What to do -> What is needed is an exact transcription of the listing, with the images removed.

Supplied records ->
*** Begin section ***
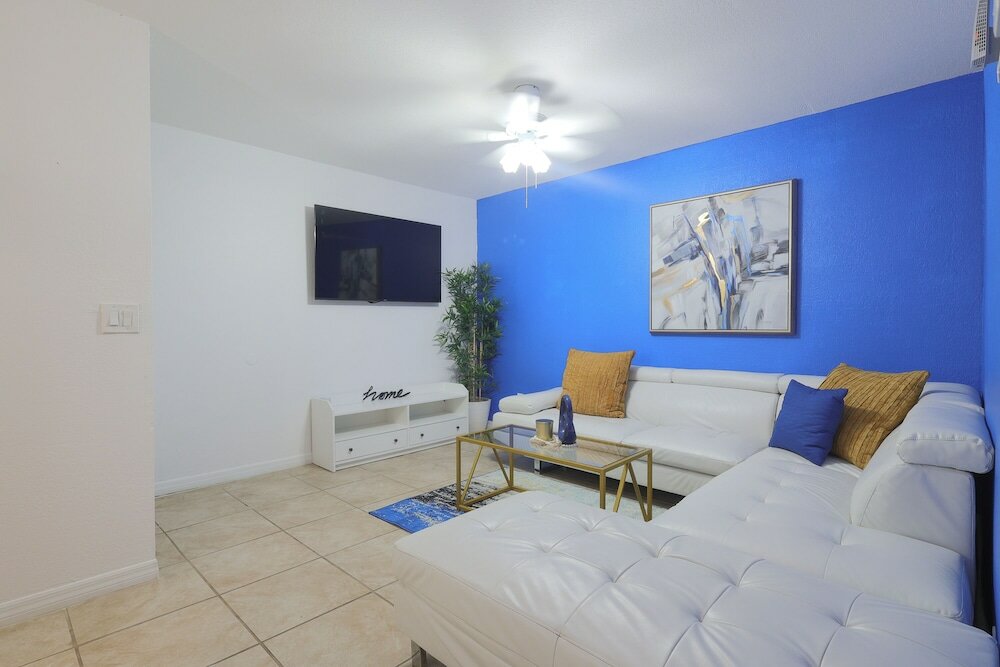 Фото Saint Joseph Suites Down Town Tampa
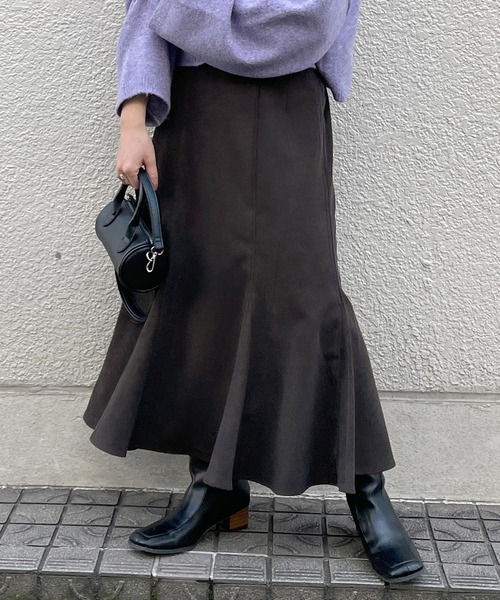 w closet（ダブルクローゼット）の「起毛カルゼ切替マーメイドスカート（スカート・レディース・オリーブ/スミクロ/モカ/キナリ/ダークグリーン・FREE）」の3枚目の写真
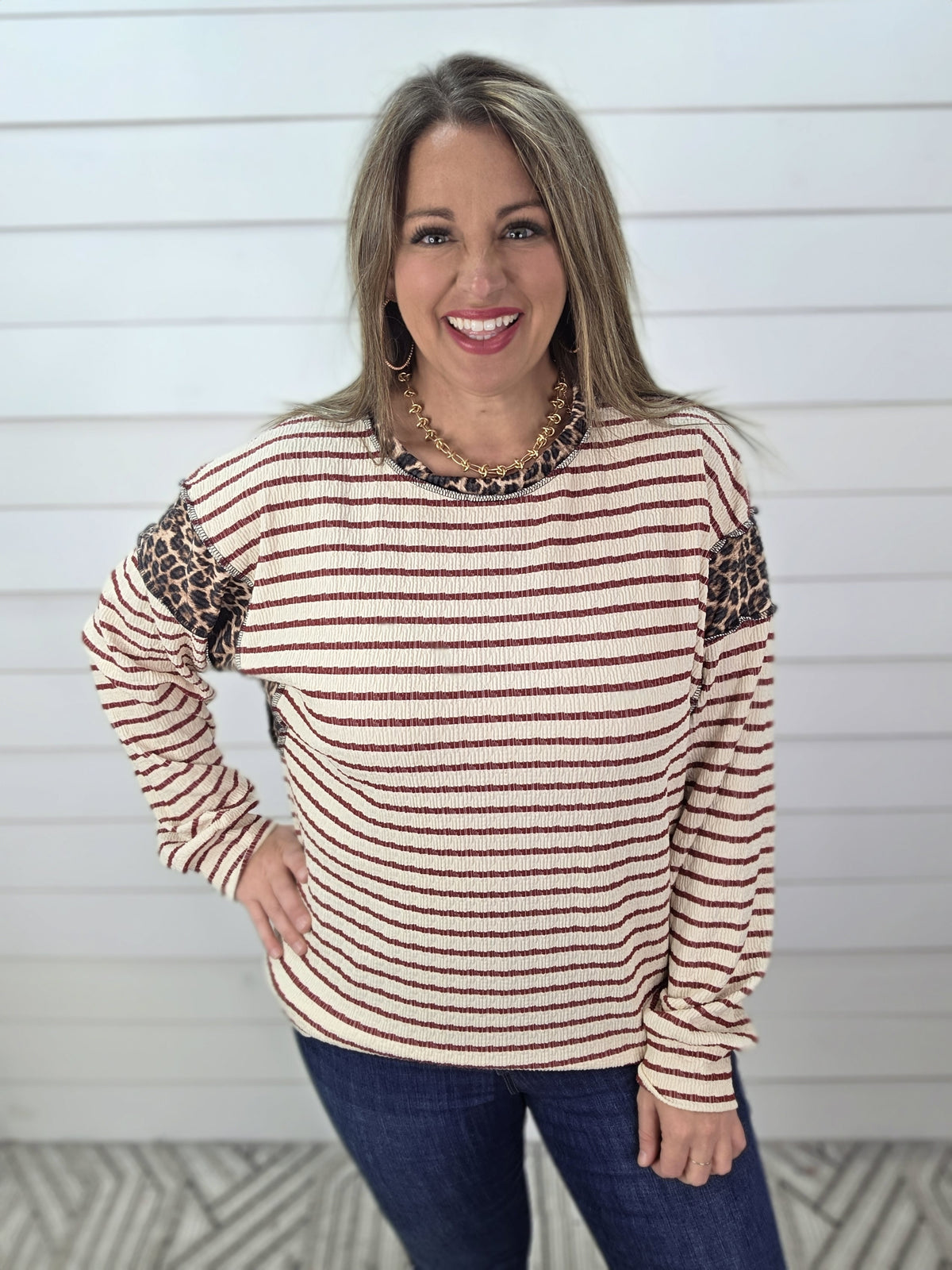 BURGUNDY STRIPED TEXTURE TOP W/ LEOPARD TRIM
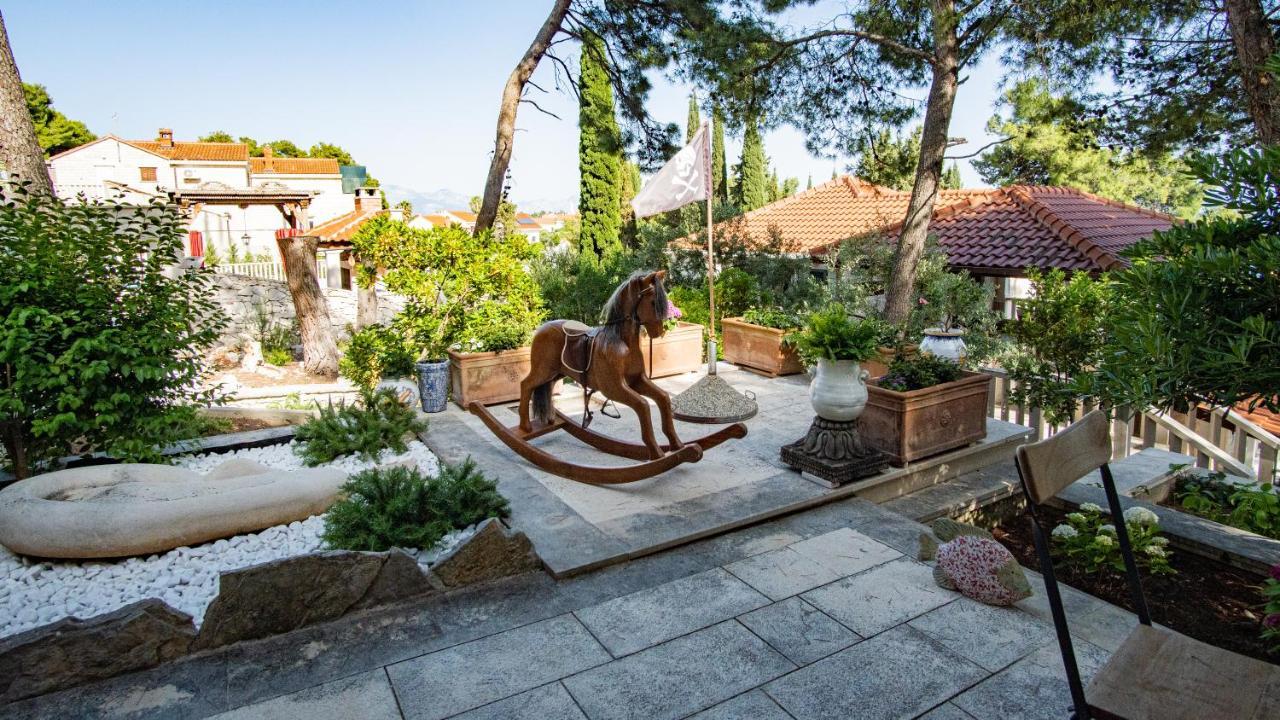 Villa Ursa Minor Sumartin Esterno foto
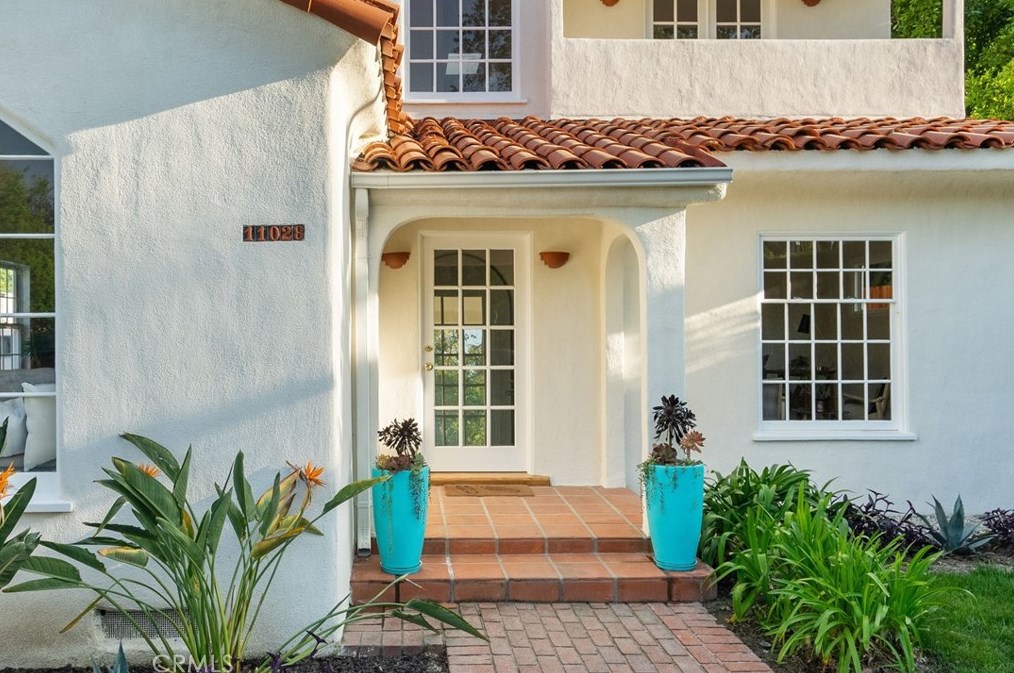 11028 Blix St, North Hollywood, CA 91602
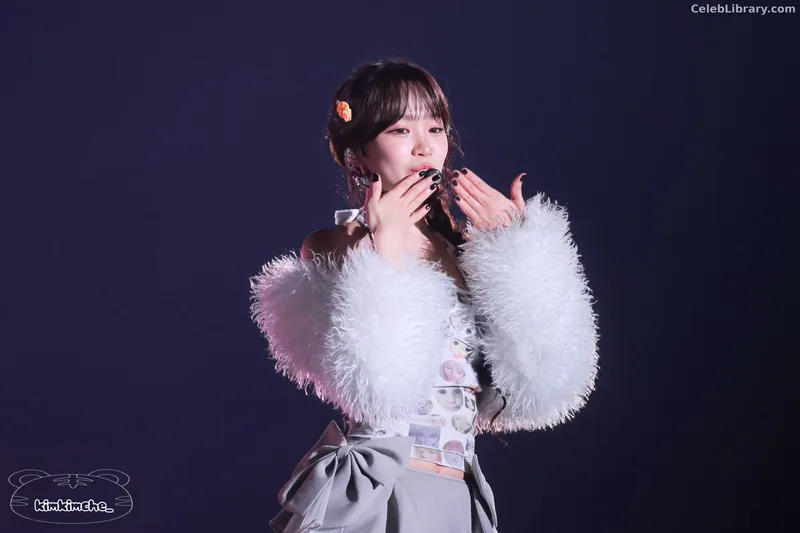 Kim Chaewon 김채원 [Le Sserafim] photo 8 of 2310
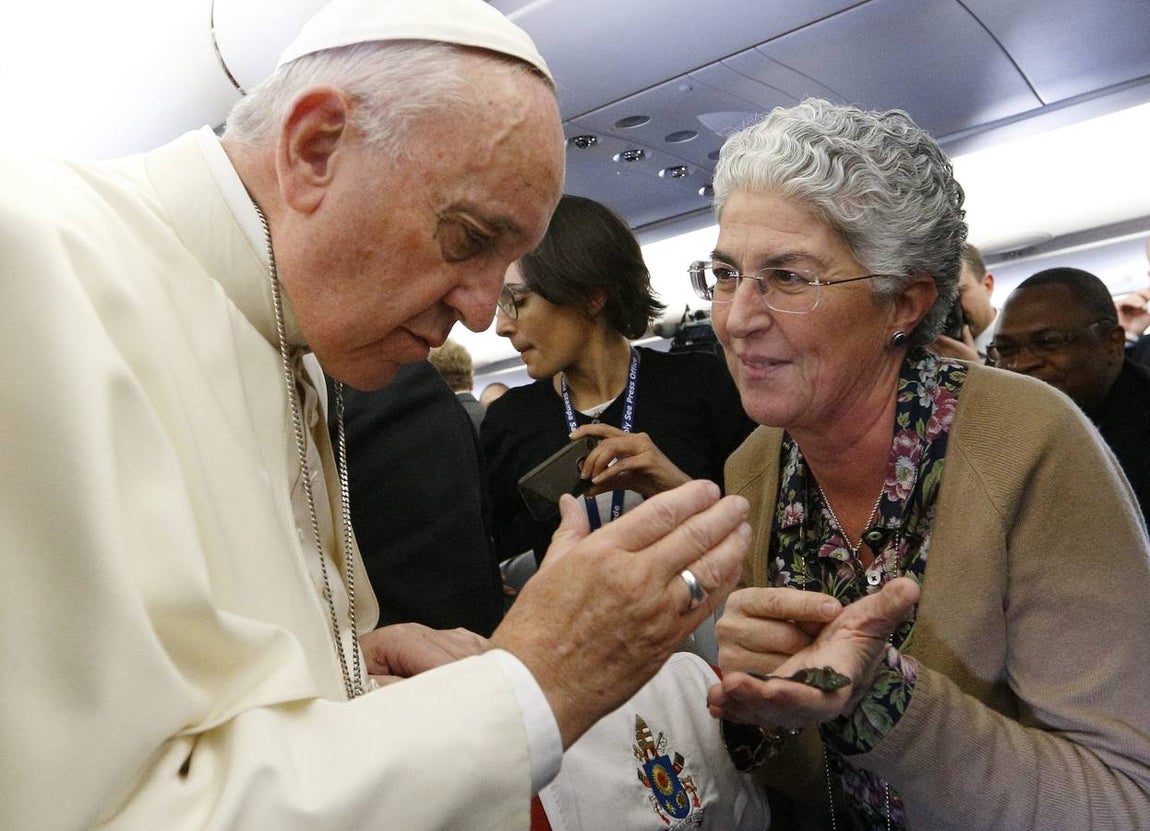 El Pontífice bendice una pequeña figura de Jesucristo de una periodista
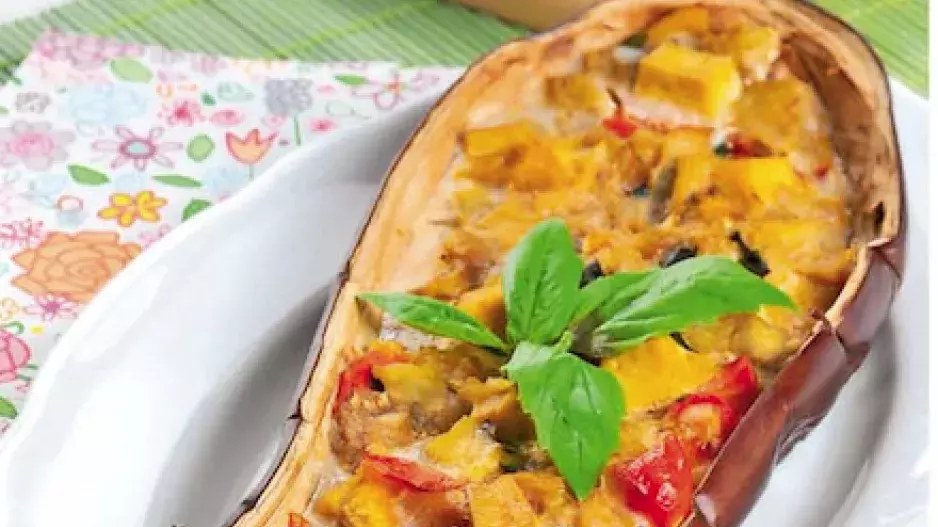 Plněný lilek s tofu a bazalkou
*** End section ***
Written response ->
 Фото Saint Joseph Suites Down Town Tampa
 w closet（ダブルクローゼット）の「起毛カルゼ切替マーメイドスカート（スカート・レディース・オリーブ/スミクロ/モカ/キナリ/ダークグリーン・FREE）」の3枚目の写真
 BURGUNDY STRIPED TEXTURE TOP W/ LEOPARD TRIM
 Villa Ursa Minor Sumartin Esterno foto
 11028 Blix St, North Hollywood, CA 91602
 Kim Chaewon 김채원 [Le Sserafim] photo 8 of 2310
 El Pontífice bendice una pequeña figura de Jesucristo de una periodista
 Plněný lilek s tofu a bazalkou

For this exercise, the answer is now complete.